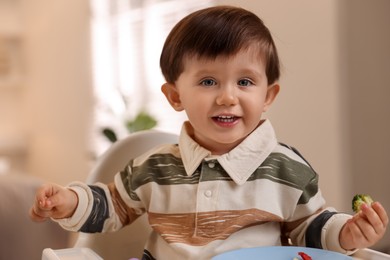 Photo of Cute little baby eating healthy food in high chair at home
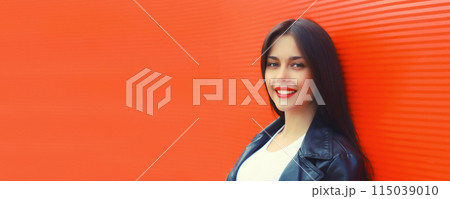 Portrait of beautiful brunette smiling young woman model posing in black leather jacket on red 115039010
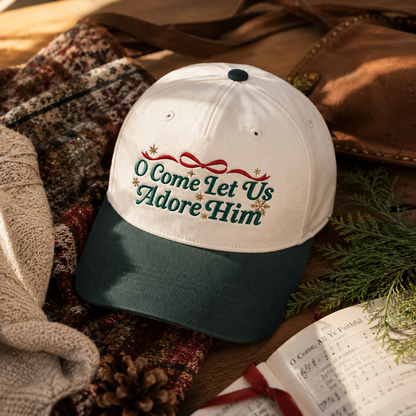 A baseball cap with a white crown and dark green brim, embroidered with the phrase 'O Come Let Us Adore Him' in green script with a red bow and small gold stars. The cap is styled in a cozy flat-lay arrangement with a knit sweater, brown leather, pine branches, and an open book.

Problem to solve: Retype the data above exactly. Leave the pictures out.

Task solution:
 Photo of Cute little baby eating healthy food in high chair at home
 Portrait of beautiful brunette smiling young woman model posing in black leather jacket on red 115039010
 A baseball cap with a white crown and dark green brim, embroidered with the phrase 'O Come Let Us Adore Him' in green script with a red bow and small gold stars. The cap is styled in a cozy flat-lay arrangement with a knit sweater, brown leather, pine branches, and an open book.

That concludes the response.